I rarely do target practice under river guards or at sea,” he said. It’s too conspicuous.”

He doesn’t shoot at targets 200 meters away like in “Golgo 13,” but rather shoots at the very last possible moment in order to make a steady kill, so courage is more important than skill.

The thieves’ market still exists in Kabukicho. Brand-name suits, bags, furs, and other items line the shelves at about one-fifth the market price. All items have a reason. Stolen, robbed, and embezzled goods.

And then there is the Chinese restaurant that quietly operates near the border of the other world of Kabukicho. On the surface, the restaurant serves popular food, but secretly it is a hub for counterfeit card groups and is well known in the underground world. The main members of this group are believed to be members of the Shanghai group of the Chinese mafia.

A 50-something member of a Japanese underground organization with close ties to this group confides some disturbing information.

He told us, “We made a lot of money with counterfeit credit cards when the Expo ’90 was held. I used the card to buy tickets to the Expo for less than 100,000 yen at a number of stores, and several of us cashed them in at a money store.

Counterfeit credit cards could be made in as little as five minutes, but it was difficult to counterfeit a card that could be used for cash advances, so they had to resort to rougher methods.

Once we had the information about the person with the money, a separate team would go in and steal it. They would also steal passbooks and seals. In the old days, even if there was no seal, a seal was stamped on the bank book, so they would make a seal based on that. With the stolen bankbook and seal, they withdraw the full amount at the bank counter. If there is also a time deposit, the full amount will be withdrawn. I would also produce a fake driver’s license for the person standing at the counter, and prepare a Japanese person to match the license.

The Chinese restaurant also handled the then-popular yao tou wan, also known as ecstasy, a synthetic drug (MDMA), and delivered it to yao tou wan parties.

When I visited the store the other day, it was already gone and the store was empty.

The Shanghai group’s counterfeit card group later mutated into an Oreore scam and fictitious billing scam group, recruiting young Japanese as subcontractors, according to the report.

Some of the victims are the ones who take the cash and run away with it,” he said. These cases are exposed in a lynching video that is distributed to their friends to make an example of them. Video? I’ve seen one where they shaved off an ear. ……”

The man stopped talking after saying that much.

The night wind is even more biting.

The nightless city has returned to Kabukicho.

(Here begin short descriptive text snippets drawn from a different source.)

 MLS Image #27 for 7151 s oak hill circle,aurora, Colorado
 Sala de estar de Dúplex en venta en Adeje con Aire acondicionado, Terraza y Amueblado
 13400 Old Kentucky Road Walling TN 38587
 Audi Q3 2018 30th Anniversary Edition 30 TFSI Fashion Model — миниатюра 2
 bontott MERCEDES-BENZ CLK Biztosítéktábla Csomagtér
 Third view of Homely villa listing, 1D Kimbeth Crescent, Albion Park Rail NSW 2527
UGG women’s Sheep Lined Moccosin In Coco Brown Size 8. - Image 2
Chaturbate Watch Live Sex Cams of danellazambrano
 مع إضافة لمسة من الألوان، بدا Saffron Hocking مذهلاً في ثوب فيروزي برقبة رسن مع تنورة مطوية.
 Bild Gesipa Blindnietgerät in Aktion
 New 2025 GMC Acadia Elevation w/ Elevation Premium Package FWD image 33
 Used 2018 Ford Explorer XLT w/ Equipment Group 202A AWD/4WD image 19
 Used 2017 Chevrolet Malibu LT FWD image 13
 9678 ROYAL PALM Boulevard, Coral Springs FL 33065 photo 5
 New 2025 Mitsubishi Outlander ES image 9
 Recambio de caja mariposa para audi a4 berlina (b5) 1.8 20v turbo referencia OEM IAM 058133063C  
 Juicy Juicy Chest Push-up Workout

Girls’ bar waitresses call out to passersby in the freezing cold. Their bare legs peeking out from under their down coats.
The area around the Shinjuku Toho Building, made famous by the “Toyoko Kids,” still attracts young people even in the middle of winter.
The center of downtown Kabukicho. Girls’ bar staffs, holding signs indicating prices and other information, are trying to catch customers.
Around the Hygeia Building, two women in their 20s were approached by a man in his 30s and engaged in some kind of negotiation.
A man talking to a woman by Okubo Park. This kind of scene decreased for a while last fall, but has recently begun to increase again.

Nobuhiro Motohashi, nonfiction writer, was born in 1956. Born in Tokorozawa City, Saitama Prefecture. Graduated from Waseda University with a degree in politics and economics. Author of “Kabukicho Underground” (Komakusa Shuppan), “Boku to Johnny’s” (East Press), and “Zenkaku Oyaku MURANISHI Toru Den” (Shincho Bunko).